2024-07-11 09:01| 来源: 网络整理| 查看: 265

在孟加拉国,有一位经济学家叫做尤努斯,他的格莱珉银行自1983年创办以来,通过小额贷款已经帮助了超过630万名借款人,他也因此获得了诺贝尔和平奖。

在中国,媒体人高战正以自己的方式,实践着尤努斯这种“为穷人谋生路”的理想。

“我现在在苏北农村,继续实践小额贷款项目。
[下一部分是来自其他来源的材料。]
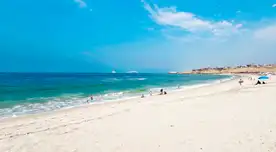 No es Cancún, ni Miami Beach: la majestuosa playa de aguas cristalinas y arena blanca ubicada a cerca de una hora de Lima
”日前,高战在电话中表示。

这位尤努斯的中国追随者,“尤努斯中心•中国”执行长,江苏省新沂市陆口合作社发起人,正苦于小额信贷的经费问题,四处奔波筹款,希望以自己的方式赢得更多人的理解与支持。

来自乡村人情社会的挑战

2012年,为了邀请尤努斯前来中国参加活动,高战特地去了孟加拉国。几番争取,尤努斯终被高战的诚意感动,来到中国。

在认真考察了高战的合作社项目之后,尤努斯不仅高度赞扬了其成绩,还亲自为“尤努斯中心•中国”揭牌,由高战担任执行长。

对于高战来说,这份认可来之不易。事实上,早在成为媒体人之前,高战就已经开始了他的乡村实践。

高战出生在苏北最贫瘠的新沂市窑湾镇陆口村,考上大学改变了他的命运,但这个农村娃却忘不了生养自己的地方。研究生毕业之后,高战便一心想着回到农村,专注做中国乡村发展的项目。

“那时候做得比较困难,而且不被农村周围的人理解,”高战回忆,“刚好《中国改革》杂志需要有一个了解农村的人去做记者,我就去了。”

媒体人的身份不仅让高战在农民当中有了一个“国家机关人员”的印象,还给了他更多的机会去拓宽眼界,他也因此认识了不少关注中国社会的学者,在他们的介绍和鼓励下,开始大胆实践自己的理想。

2004年1月,高战把著名经济学家茅于轼先生扶贫互助基金的项目介绍到自己的家乡。

茅于轼给出的经验是:基金会的运作规则一定要简单,四五条就行。但高战发现,即使如此简单的规则,也无法在传统的农村熟人社会中完全得以执行。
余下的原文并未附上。